Quand l’écriture redonne voix aux détenus

L’écriture sur soi en détention : l’aboutissement d’un long projet

Un événement exceptionnel autour de l’écriture sur soi en milieu carcéral s’est tenu le mercredi 9 avril à La Soute, à Chambéry. Il clôture trois grands projets menés dans les établissements pénitentiaires d’Aiton et de Chambéry. Cette journée riche en partages, organisée par l’Unité Locale de l’Enseignement de la maison d’arrêt de Chambéry avec Marie-Perre VALCKE et par l’association Lectures Plurielles, en partenariat avec le SPIP73 et l’APEJS, a permis de mettre en lumière les textes écrits par les personnes détenues.

Une restitution émouvante

16h30. L’événement, qui a rassemblé plus d’une cinquantaine de personnes, s’est ouvert sur la restitution du projet Parler et écrire sur soi réalisé à la maison d’arrêt de Chambéry. Le public a ainsi découvert les créations issues d’un long processus qui avait débuté en juin 2024, avec la découverte par les participants du livre de Khaled MILOUDI, Les Couleurs de l’ombre. S’ensuivit un cycle d’ateliers d’écriture animé par l’auteur, de septembre 2024 à mars 2025,  dans le cadre de l’Unité Locale de l’Enseignement de la maison d’arrêt. Pour enrichir les séances d’écriture réalisées pendant des mois, le vidéaste Philippe THOMAS et le musicien Jean-Baptiste LOUIS sont également intervenus dans l’établissement pénitentiaire.

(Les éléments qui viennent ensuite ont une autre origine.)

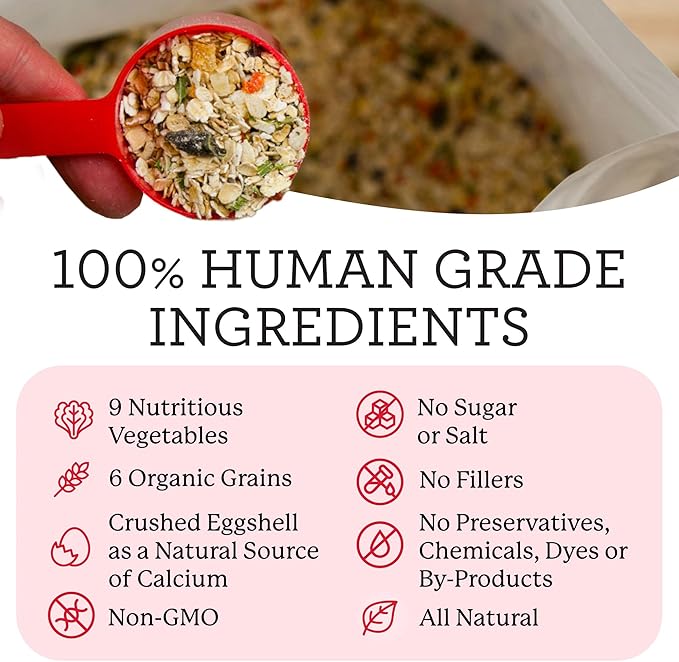 Dr. Harvey's Canine Health Miracle Dog Food, Human Grade Dehydrated Base Mix for Dogs with 9 Vegetables and 6 Organic Whole Grains (5 Pounds)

Marwhan © Lectures Plurielles

 

Philippe THOMAS, Marwhan, Kamal, Khaled MILOUDI, Marie-Pierre VALCKE © Lectures Plurielles

Des parcours inspirants

18h, une table ronde animée par Francesco BIAMONTE a réuni trois auteur·ices aux parcours singuliers, tous·tes animateur·ices d’ateliers d’écriture en prison, ainsi qu’un participant aux ateliers, Kamal. Marie-Pierre VALCKE, enseignante et coordinatrice de ce projet ambitieux, a participé également à cette rencontre et souligné l’importance de poursuivre les initiatives littéraires et de valoriser le potentiel créatif des personnes détenues. “Plonger en soi, explorer son monde intérieur, oser écrire, oser dire, laisser les mots surgir, découvrir ceux des autres et se découvrir soi-même, sont quelques-unes des facettes de ce riche atelier” dit-elle dans le recueil “Mes mots, ma boussole”, fruit du travail des personnes détenues encadrées par Khaled MILOUDI.

Alexandre CIVICO, auteur de romans noirs, lauréat du Festival du premier roman de Chambéry en 2016, intervient depuis 2020 auprès de personnes détenues au centre pénitentiaire d’Aiton pour co-écrire un roman de fiction sur la prison qui est désormais finalisé. Lors de son intervention, il a partagé sa fierté d’avoir mené à bien ce projet collaboratif, en partenariat avec l’Unité Locale d’Enseignement, soulignant l’enrichissement mutuel que cette expérience a généré.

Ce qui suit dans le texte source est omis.